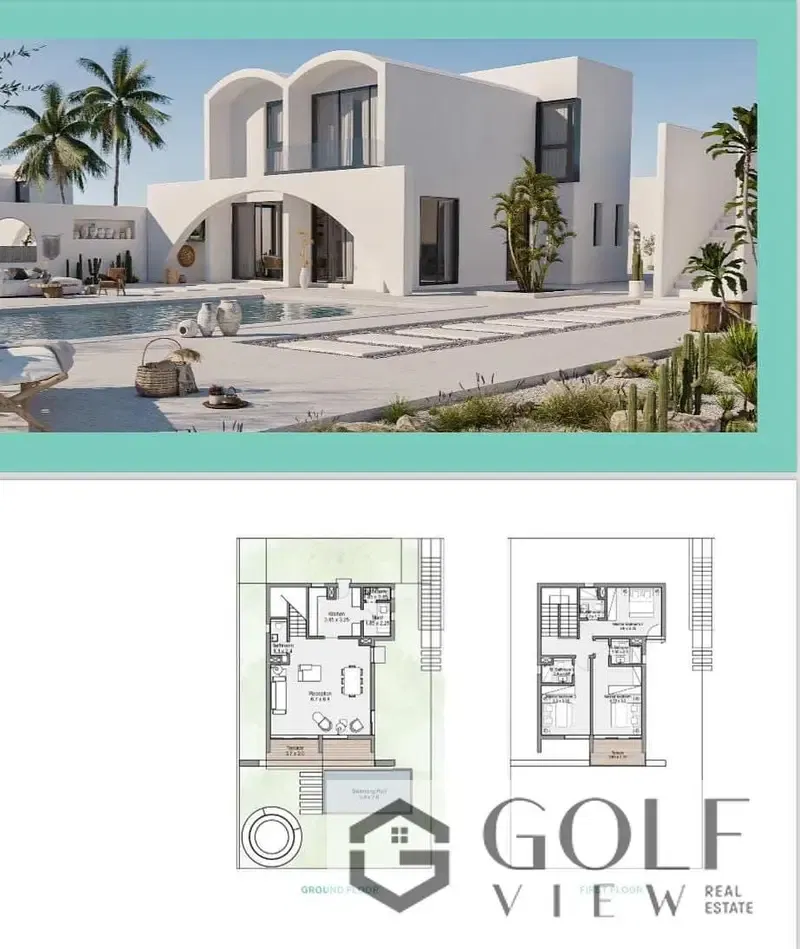 For sale: A 180-square-meter villa with a ground floor and first floor, offering unobstructed sea views in Salt, a development by Egypt in Ras Al-Hikm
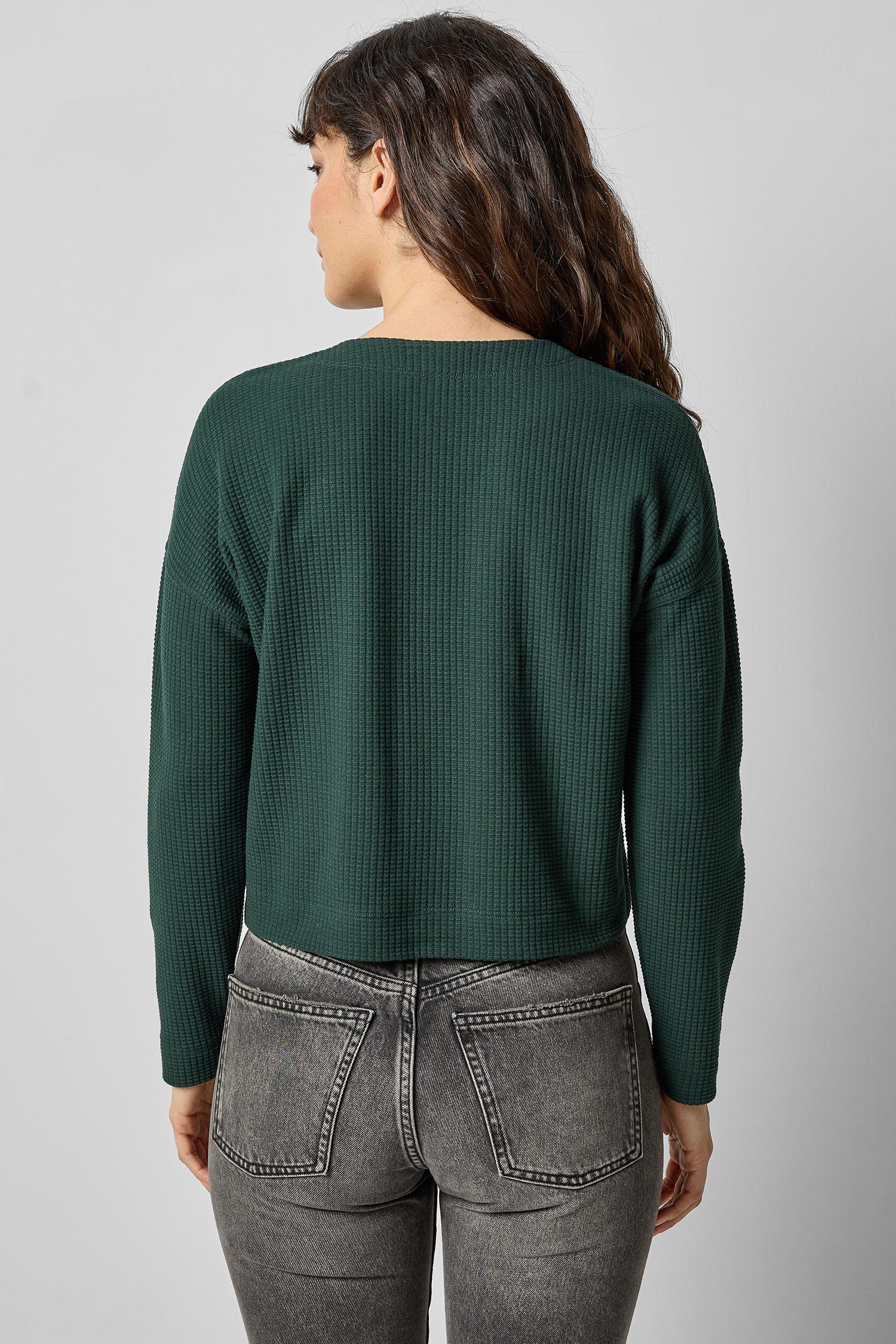 Sleeveless Cardi Womens Top Spruce A2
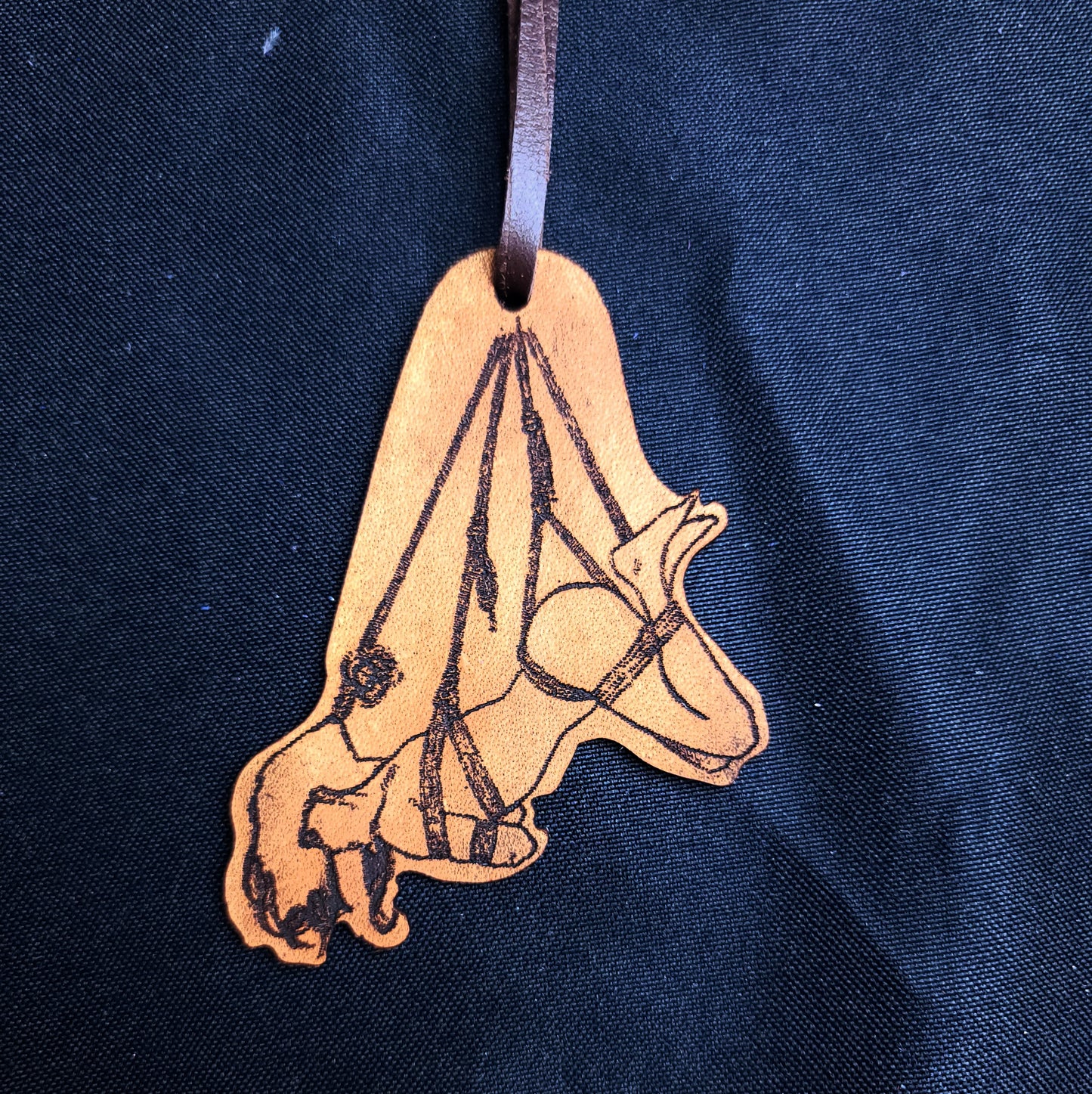 Rope Bondage Leather Book Mark - Design IV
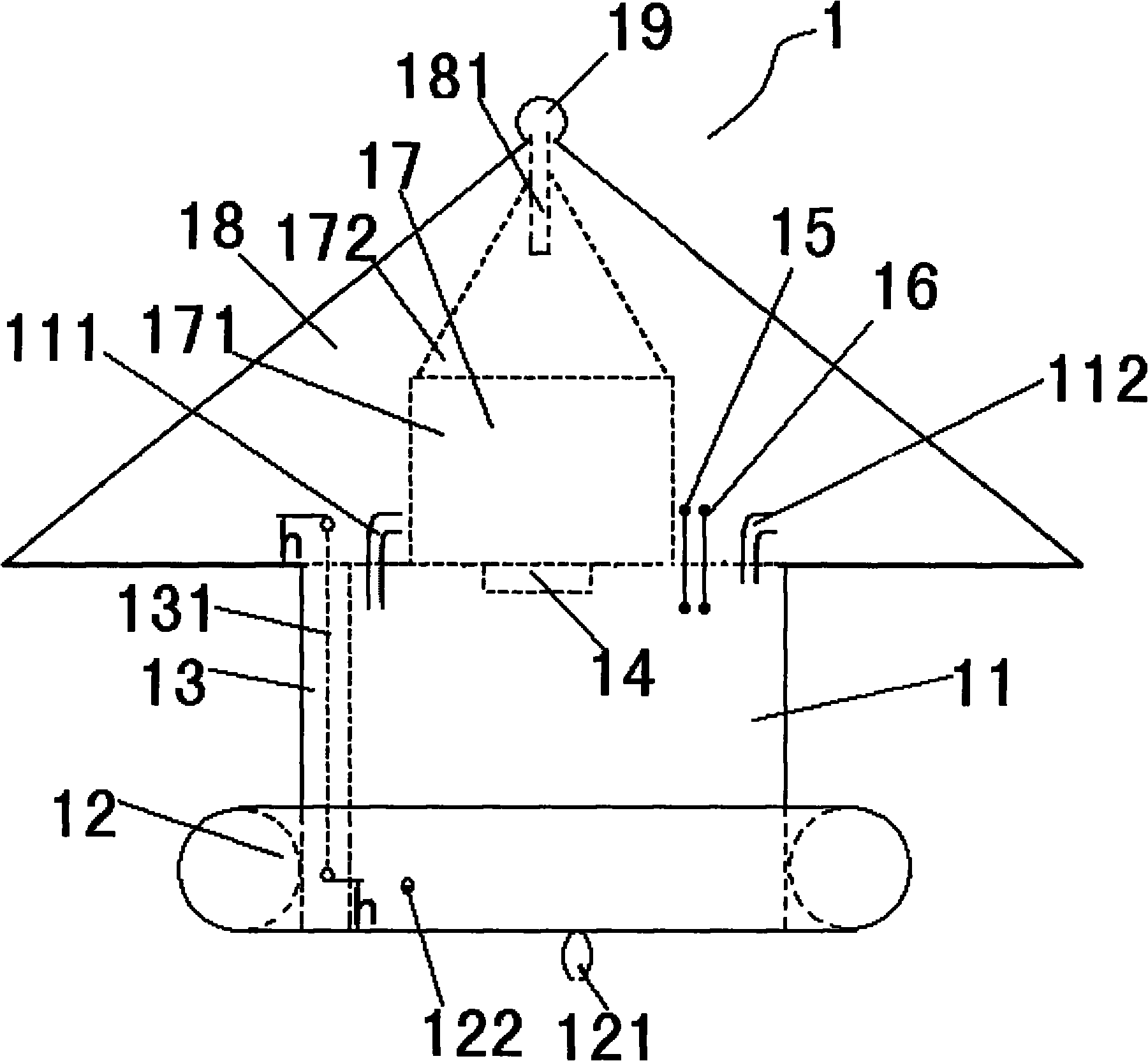 In-situ monitoring method for flux of methane gas on water-air interface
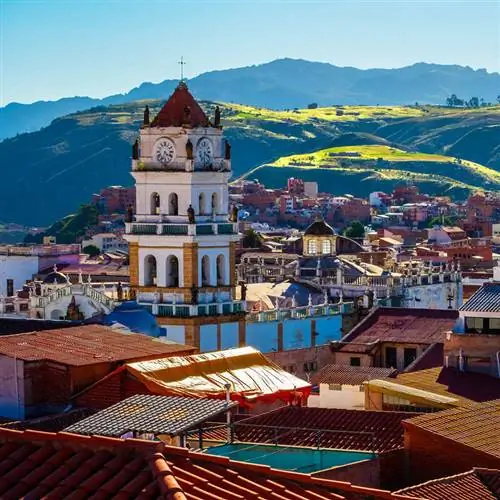 Исторический город Сукре в Боливии, Южная Америка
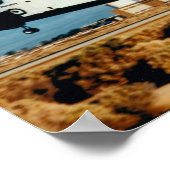 Landing van Space Shuttle Discovery (STS-31) Poster (Hoek)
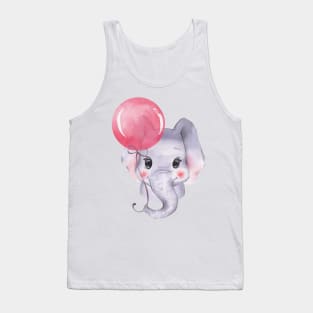 itty bitty elephant Tank Top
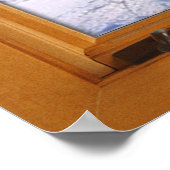 Verse sneeuw Herfst Square Faux-vensterverlichting Poster (Hoek)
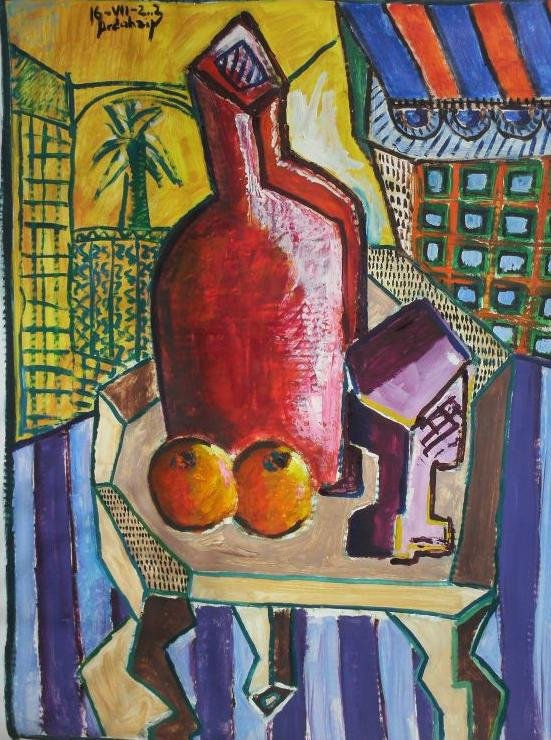 el botellon rojo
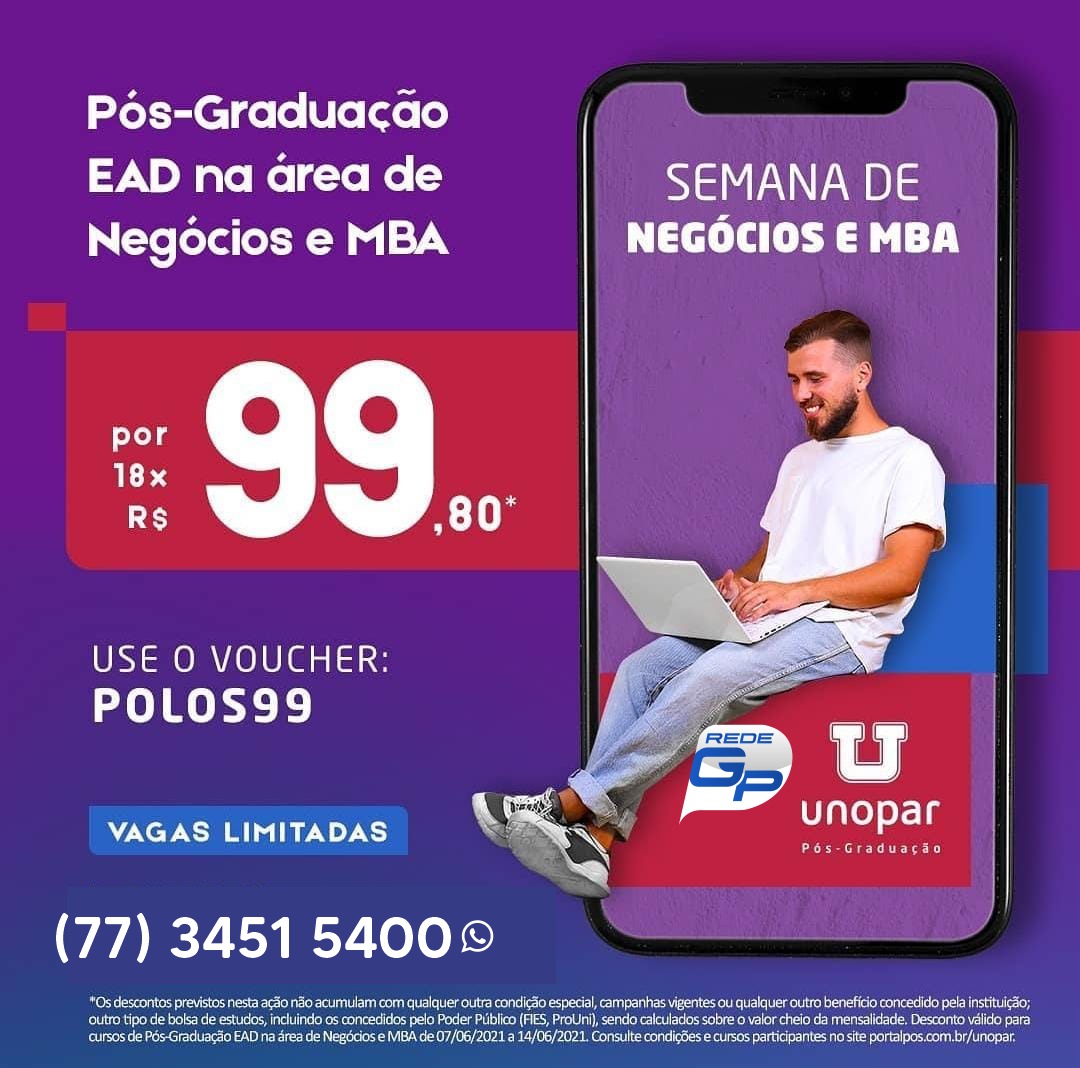 Brumado: Unopar promove Semana de Negócios e MBA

### Brief
From the first line to the last, copy the records above exactly and leave out the pictures.

### Solution to this task
 For sale: A 180-square-meter villa with a ground floor and first floor, offering unobstructed sea views in Salt, a development by Egypt in Ras Al-Hikm
 Sleeveless Cardi Womens Top Spruce A2
 Rope Bondage Leather Book Mark - Design IV
 In-situ monitoring method for flux of methane gas on water-air interface
 Исторический город Сукре в Боливии, Южная Америка
 Landing van Space Shuttle Discovery (STS-31) Poster (Hoek)
 itty bitty elephant Tank Top
 Verse sneeuw Herfst Square Faux-vensterverlichting Poster (Hoek)
 el botellon rojo
 Brumado: Unopar promove Semana de Negócios e MBA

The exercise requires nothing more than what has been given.